*** Given records Section Begins ***
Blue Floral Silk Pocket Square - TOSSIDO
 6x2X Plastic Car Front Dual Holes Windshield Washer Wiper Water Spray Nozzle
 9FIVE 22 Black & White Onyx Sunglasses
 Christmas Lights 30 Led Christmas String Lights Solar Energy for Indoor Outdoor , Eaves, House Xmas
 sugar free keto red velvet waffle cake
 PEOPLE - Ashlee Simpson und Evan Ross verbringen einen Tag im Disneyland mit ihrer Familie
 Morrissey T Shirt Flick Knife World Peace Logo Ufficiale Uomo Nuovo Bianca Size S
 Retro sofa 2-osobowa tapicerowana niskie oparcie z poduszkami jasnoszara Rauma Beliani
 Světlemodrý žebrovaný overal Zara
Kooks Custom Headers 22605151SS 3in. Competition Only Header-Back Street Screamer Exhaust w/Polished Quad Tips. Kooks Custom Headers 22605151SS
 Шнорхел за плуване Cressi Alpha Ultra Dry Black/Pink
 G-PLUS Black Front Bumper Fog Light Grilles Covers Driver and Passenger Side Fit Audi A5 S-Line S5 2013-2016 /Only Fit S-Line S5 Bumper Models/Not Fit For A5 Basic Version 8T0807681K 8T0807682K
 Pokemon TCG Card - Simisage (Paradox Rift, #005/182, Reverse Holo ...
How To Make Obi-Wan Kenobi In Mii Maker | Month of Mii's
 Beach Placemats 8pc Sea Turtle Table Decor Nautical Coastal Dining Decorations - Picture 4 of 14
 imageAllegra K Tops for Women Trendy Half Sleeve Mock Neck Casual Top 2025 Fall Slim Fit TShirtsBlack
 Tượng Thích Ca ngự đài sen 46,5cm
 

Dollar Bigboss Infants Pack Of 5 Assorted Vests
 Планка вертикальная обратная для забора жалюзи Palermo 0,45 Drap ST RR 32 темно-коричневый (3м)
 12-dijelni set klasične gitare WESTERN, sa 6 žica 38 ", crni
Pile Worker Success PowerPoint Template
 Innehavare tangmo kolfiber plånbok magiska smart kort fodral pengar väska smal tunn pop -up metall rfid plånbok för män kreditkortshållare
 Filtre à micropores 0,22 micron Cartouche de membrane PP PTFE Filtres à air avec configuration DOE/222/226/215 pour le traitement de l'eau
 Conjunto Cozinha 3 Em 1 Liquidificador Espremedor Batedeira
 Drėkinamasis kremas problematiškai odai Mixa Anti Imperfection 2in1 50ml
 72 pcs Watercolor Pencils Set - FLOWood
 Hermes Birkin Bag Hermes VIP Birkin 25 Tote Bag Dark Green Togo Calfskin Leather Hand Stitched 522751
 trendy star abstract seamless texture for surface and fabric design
*** Given records Section Ends ***
Extract each line from the entries above that contains the string "Front".

Reply:
 6x2X Plastic Car Front Dual Holes Windshield Washer Wiper Water Spray Nozzle
 G-PLUS Black Front Bumper Fog Light Grilles Covers Driver and Passenger Side Fit Audi A5 S-Line S5 2013-2016 /Only Fit S-Line S5 Bumper Models/Not Fit For A5 Basic Version 8T0807681K 8T0807682K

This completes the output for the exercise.